# WHAT THIS TASK INVOLVES
Verbatim copy, images omitted: return the full listing.

# SOURCE DATA
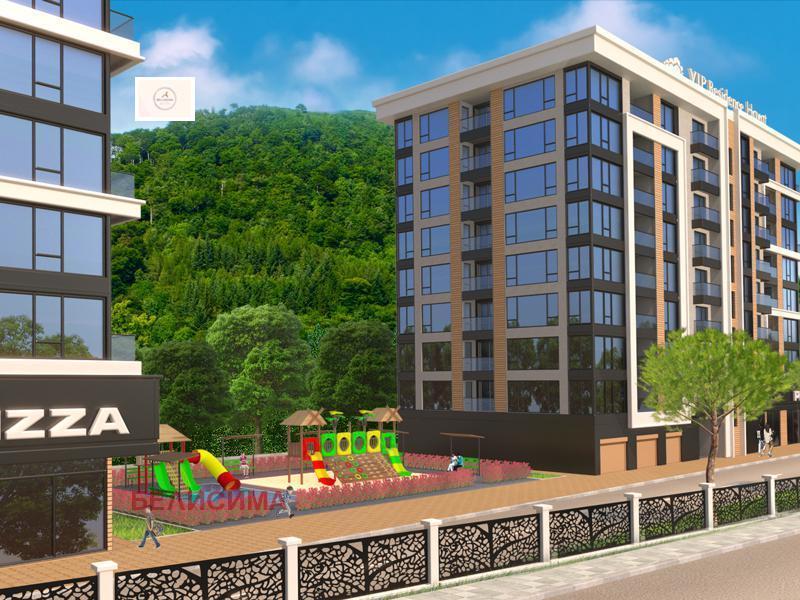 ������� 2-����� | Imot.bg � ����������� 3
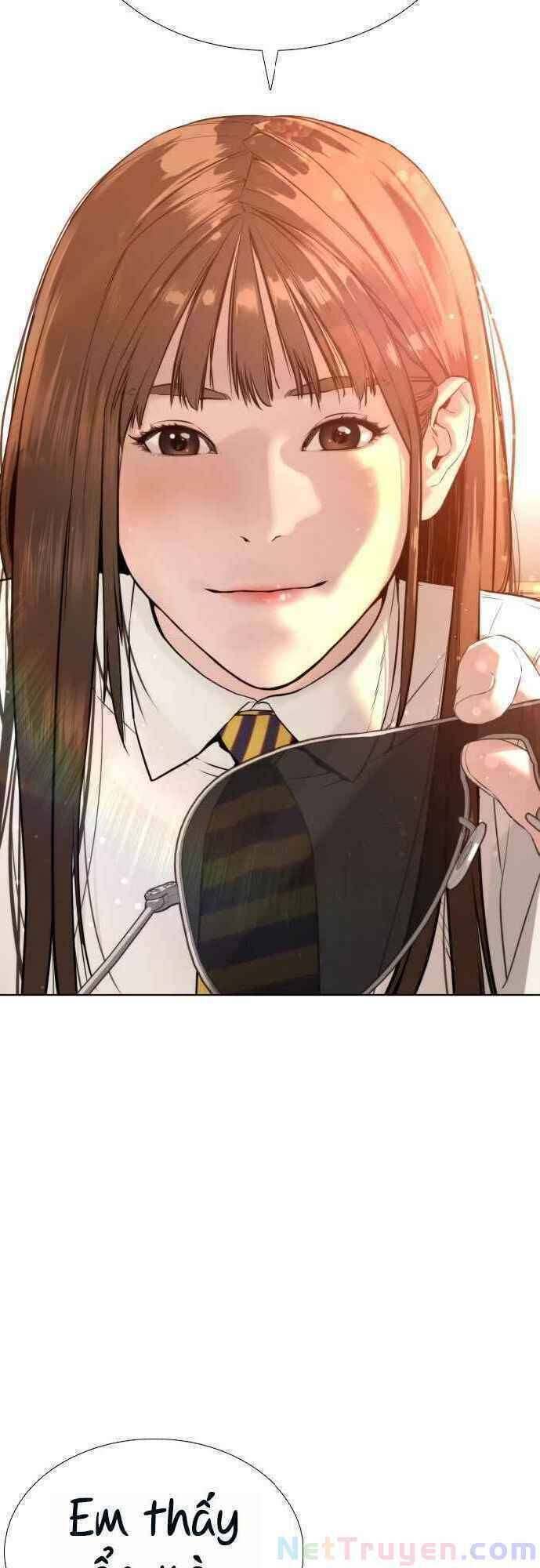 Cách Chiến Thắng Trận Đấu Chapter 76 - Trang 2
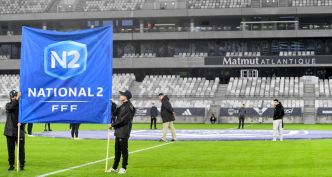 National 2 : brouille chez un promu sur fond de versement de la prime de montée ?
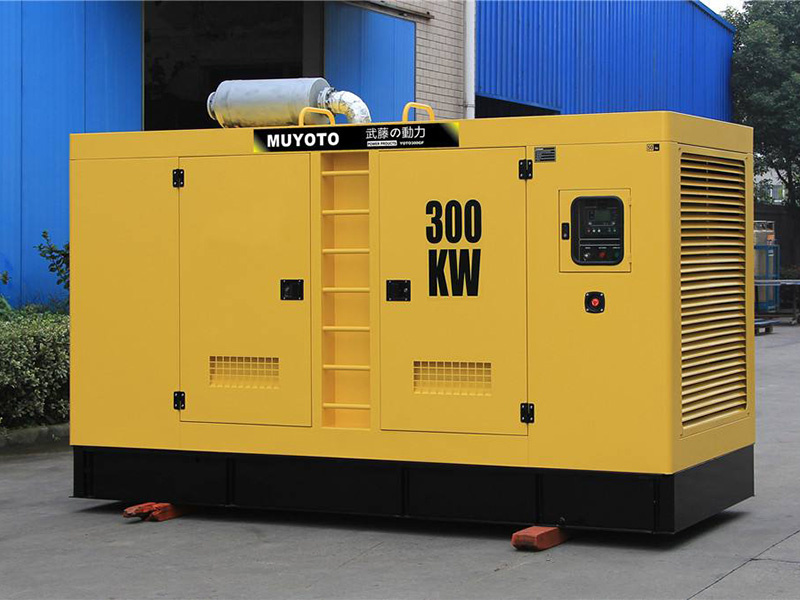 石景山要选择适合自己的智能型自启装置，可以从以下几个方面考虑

# TASK RESPONSE
 ������� 2-����� | Imot.bg � ����������� 3
 Cách Chiến Thắng Trận Đấu Chapter 76 - Trang 2
 National 2 : brouille chez un promu sur fond de versement de la prime de montée ?
 石景山要选择适合自己的智能型自启装置，可以从以下几个方面考虑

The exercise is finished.